- **What the task requires**
From the entries that follow, pick out all lines holding "Used".

- **Data shown**
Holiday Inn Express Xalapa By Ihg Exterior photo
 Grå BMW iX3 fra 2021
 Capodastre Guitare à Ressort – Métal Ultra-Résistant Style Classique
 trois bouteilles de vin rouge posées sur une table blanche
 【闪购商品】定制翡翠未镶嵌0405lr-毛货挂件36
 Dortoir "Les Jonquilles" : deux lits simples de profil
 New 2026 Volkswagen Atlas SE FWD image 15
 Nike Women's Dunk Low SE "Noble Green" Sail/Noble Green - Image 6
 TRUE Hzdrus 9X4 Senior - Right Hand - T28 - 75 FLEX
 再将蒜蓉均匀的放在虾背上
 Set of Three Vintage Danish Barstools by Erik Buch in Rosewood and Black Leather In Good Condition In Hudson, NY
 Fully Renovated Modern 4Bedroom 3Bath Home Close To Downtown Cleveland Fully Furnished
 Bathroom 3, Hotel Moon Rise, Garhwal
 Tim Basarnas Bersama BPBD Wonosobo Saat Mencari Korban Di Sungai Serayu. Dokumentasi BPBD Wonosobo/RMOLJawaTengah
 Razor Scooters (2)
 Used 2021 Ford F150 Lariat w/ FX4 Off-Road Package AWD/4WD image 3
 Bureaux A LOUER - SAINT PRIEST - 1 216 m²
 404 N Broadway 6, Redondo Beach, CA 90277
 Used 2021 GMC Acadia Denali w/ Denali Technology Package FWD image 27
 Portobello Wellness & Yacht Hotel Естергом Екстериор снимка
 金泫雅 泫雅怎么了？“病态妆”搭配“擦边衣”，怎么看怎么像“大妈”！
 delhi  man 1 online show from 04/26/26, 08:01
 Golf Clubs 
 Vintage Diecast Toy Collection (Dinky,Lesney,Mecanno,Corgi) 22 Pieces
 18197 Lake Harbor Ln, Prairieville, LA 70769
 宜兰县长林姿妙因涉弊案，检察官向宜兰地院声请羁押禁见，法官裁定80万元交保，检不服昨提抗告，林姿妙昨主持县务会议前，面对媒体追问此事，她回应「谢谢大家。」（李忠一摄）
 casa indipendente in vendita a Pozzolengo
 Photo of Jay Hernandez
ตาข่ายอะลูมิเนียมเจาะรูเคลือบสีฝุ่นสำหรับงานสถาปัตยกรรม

- **Written answer**
 Used 2021 Ford F150 Lariat w/ FX4 Off-Road Package AWD/4WD image 3
 Used 2021 GMC Acadia Denali w/ Denali Technology Package FWD image 27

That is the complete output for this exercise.